• _Your task_
From the first line to the last, print the material exactly, skipping the pictures.

··· Supplied material

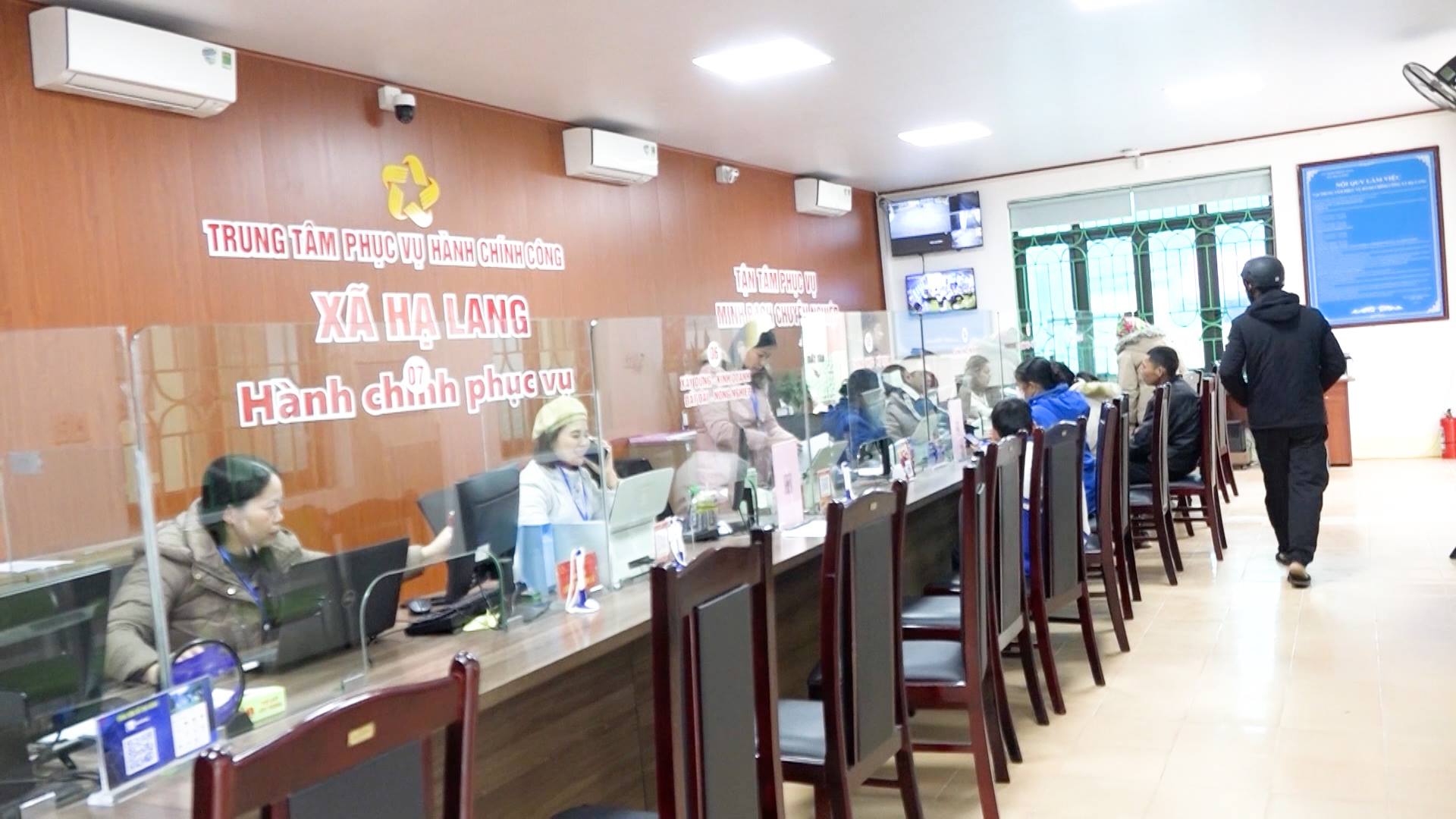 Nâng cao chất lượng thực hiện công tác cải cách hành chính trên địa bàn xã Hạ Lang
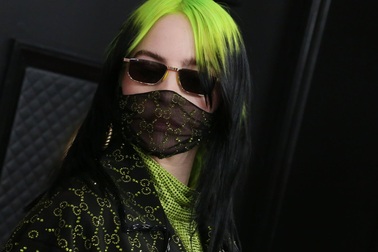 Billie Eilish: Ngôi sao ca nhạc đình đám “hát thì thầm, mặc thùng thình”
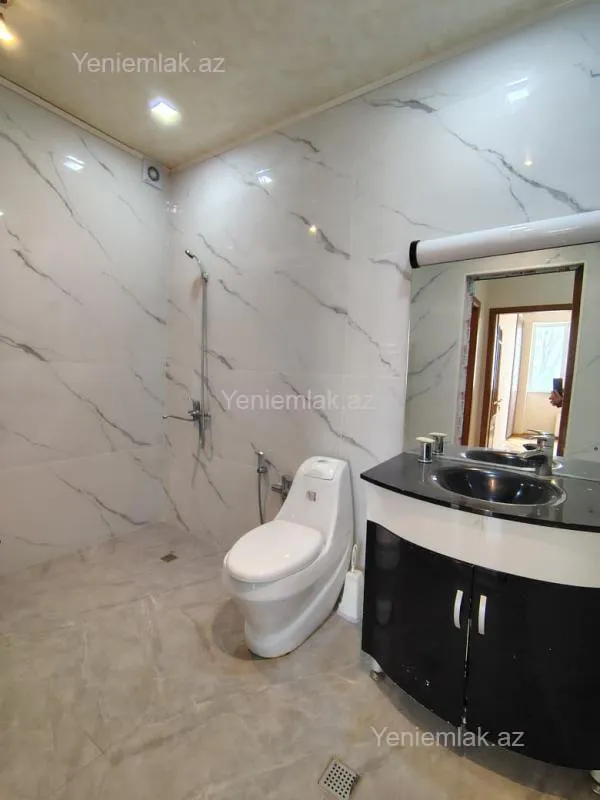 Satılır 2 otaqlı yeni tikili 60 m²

······

• _Task answer_
 Nâng cao chất lượng thực hiện công tác cải cách hành chính trên địa bàn xã Hạ Lang
 Billie Eilish: Ngôi sao ca nhạc đình đám “hát thì thầm, mặc thùng thình”
 Satılır 2 otaqlı yeni tikili 60 m²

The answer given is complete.